Caching the intermediate result
^^^^^^^^^^^^^^^^^^^^^^^^^^^^^^^

The workflow above is now separable, but we're still not caching anything.
If we commit and push it to GitHub, the runner will still have to execute
``simulation.py`` in order to generate ``simulation.dat``; the same goes for
third-party users who have cloned your repository. Adding caching functionality
can be done by adding a single line to the ``Snakefile``:

.. code-block:: python
    :caption: **File:** ``Snakefile``

    rule simulation:
        output:
            "src/data/simulation.dat"
        cache:
            True
        script:
            "src/scripts/simulation.py"


which tells |showyourwork| to cache the output of that rule (``simulation.dat``).
Normally, if we were just running this in a regular Snakemake pipeline, this
would result in the data file getting cached in some local hidden folder. The
next time you run your workflow, Snakemake will check to see if any of the inputs
to the ``simulation`` rule changed and, if not, it will restore ``simulation.dat``
from the cache (if it's needed).

|showyourwork| builds on this functionality by also caching the file ``simulation.dat``
on Zenodo Sandbox, allowing the results to be restored on *any* computer running your
workflow (as long as they have the correct ``SANDBOX_TOKEN``; but more on this
in a moment). This means that, provided you have run your workflow locally first,
the runner on GitHub Actions will never have to execute ``simulation.py``, as
it can just download the result from Zenodo Sandbox. Recall that this procedure still
guarantees that you'll get the *same result* as if you had run your entire
simulation (provided your workflow is deterministic), since a cache is only
restored if *none* of the upstream inputs to a rule have changed.

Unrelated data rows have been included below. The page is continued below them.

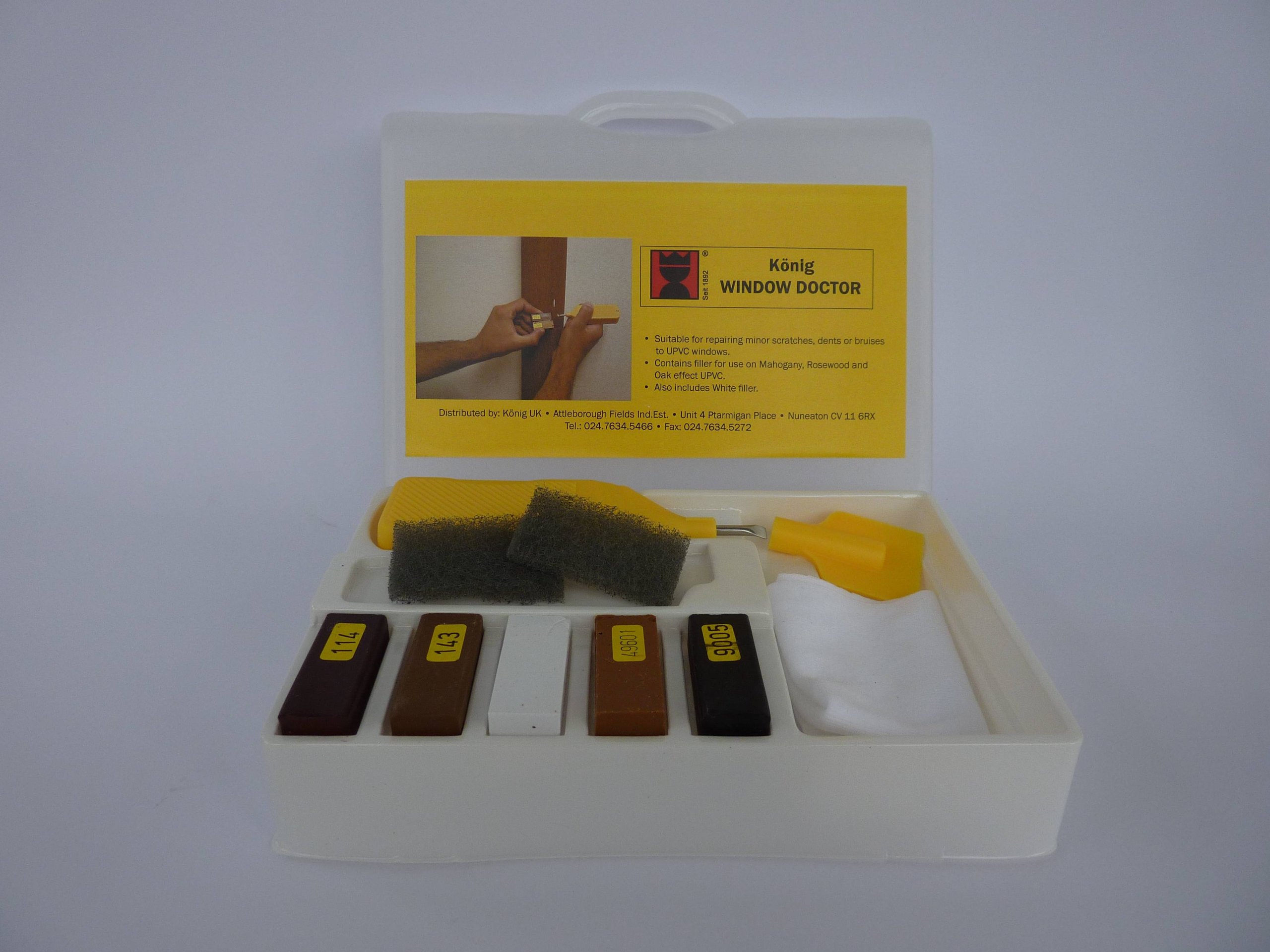 Konig Repair Kit For UPVC & Timber Windows, Worktops, Laminate Floor, Furniture, Doors, Ideal For Professional Quality Repairer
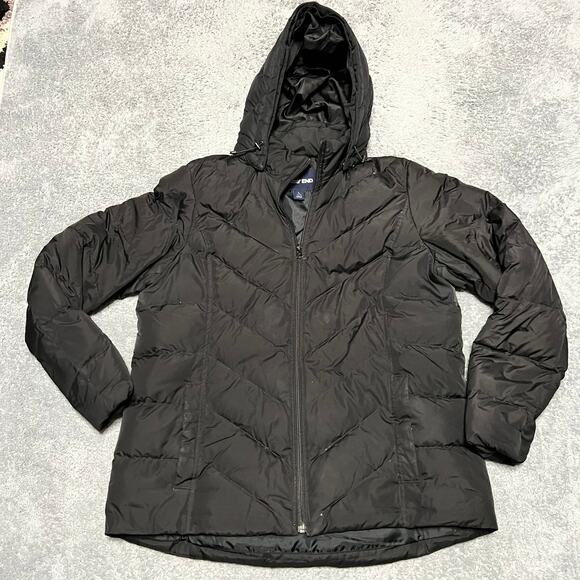 Lands End Down Coat Womens Large 14-16 Puffer Hooded Quilted Black Jacket - Picture 1 of 10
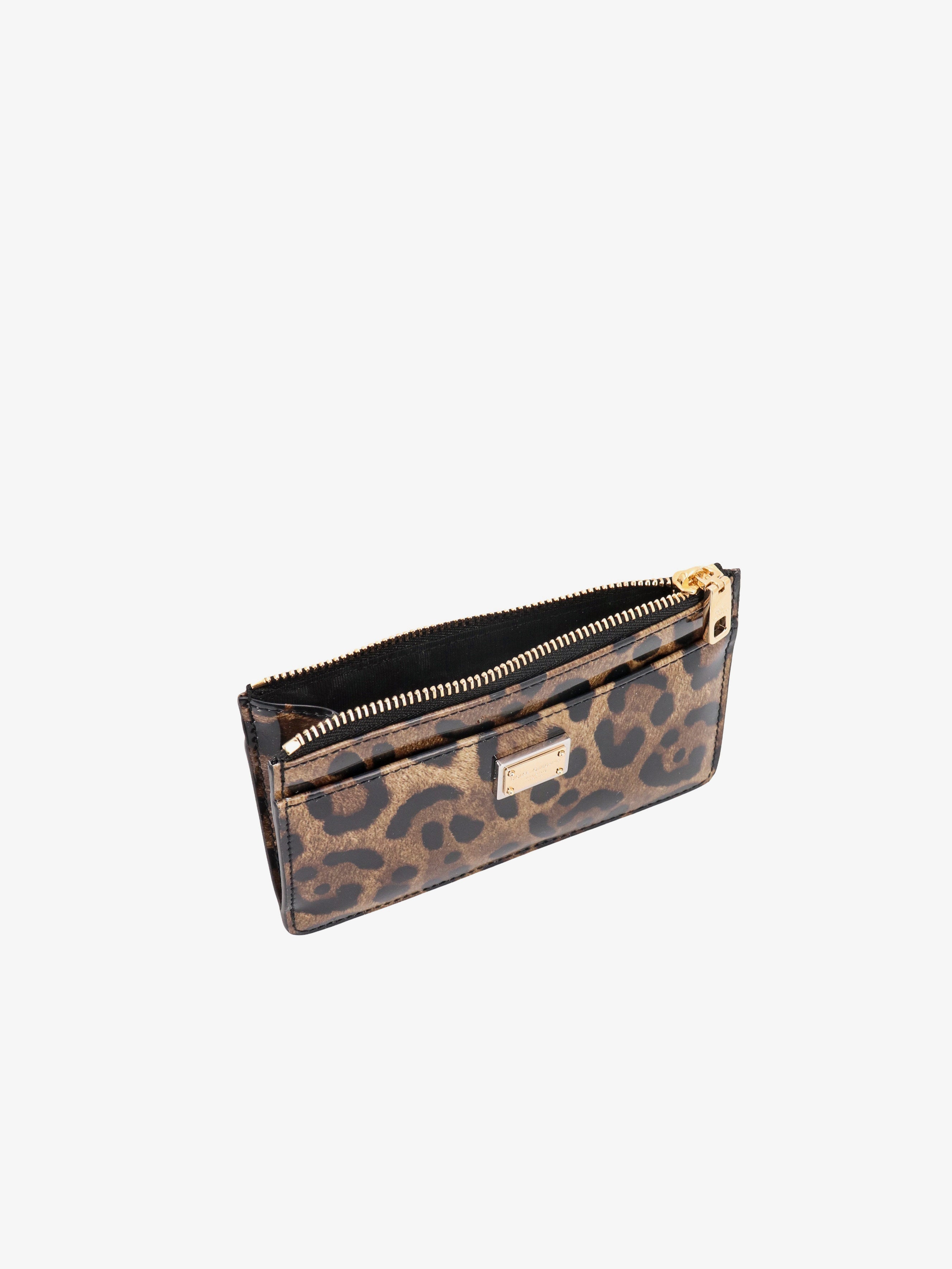 Dolce & Gabbana Women Patent Leather Card Holder With Animal Print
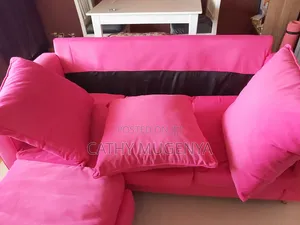 Pink 3 Seater Sofa + Leg Rest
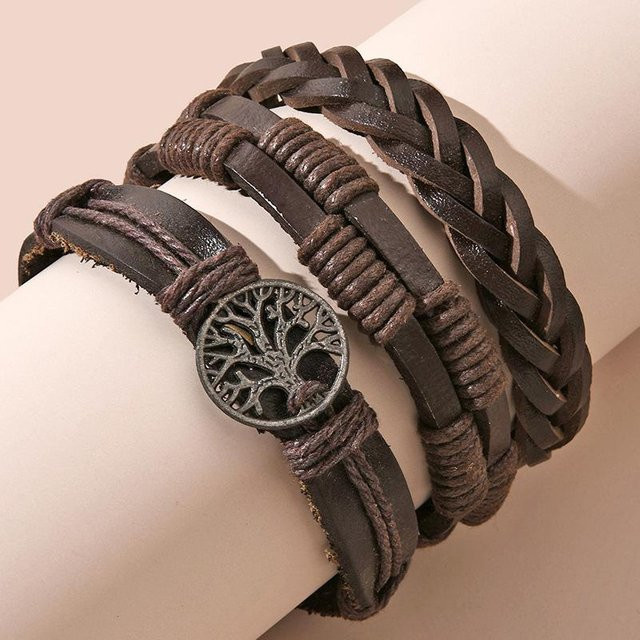 Lederarmband Lebensbaum, grau, Herren - Bild 1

The cached files (and the hashes of the rule inputs)
are stored in a Zenodo Sandbox deposit draft with concept ID specified
in your ``zenodo.yml`` config file. If you navigate to Zenodo Sandbox in your
browser and log in, you should see a draft with a title like
``Data for user/repo [main]``, where ``user/repo`` is your repository slug
and ``main`` is the current branch. At any given time, you can only have
one draft per deposit, so if you change any of the inputs to your rule (e.g., if
you change the file ``simulation.py``), the draft will get overwritten with
a new version of the cache. Note, also, that drafts are *private*: only
users with access to your account can see their files.


.. note::

    If you switch branches, or if you set up a repository without caching
    functionality and would like to add it, you can create a new Zenodo Sandbox deposit
    for the current branch by running

    .. code-block:: bash

        showyourwork cache create

    .. raw:: html

        <br/>


.. note::

    Snakemake only allows rules with a single output to be cached
    (see `here <https://snakemake.readthedocs.io/en/v6.15.5/executing/caching.html>`__).
    If you would like to cache a step in your build that generates multiple files,
    the recommended approach is to generate all those files in a dedicated
    directory and cache the directory itself and wrap it in the special ``directory``
    function within the rule:

    .. code-block:: python

        rule simulation:
            output:
                directory("src/data/simulation")
            cache:
                True
            script:
                "src/scripts/simulation.py"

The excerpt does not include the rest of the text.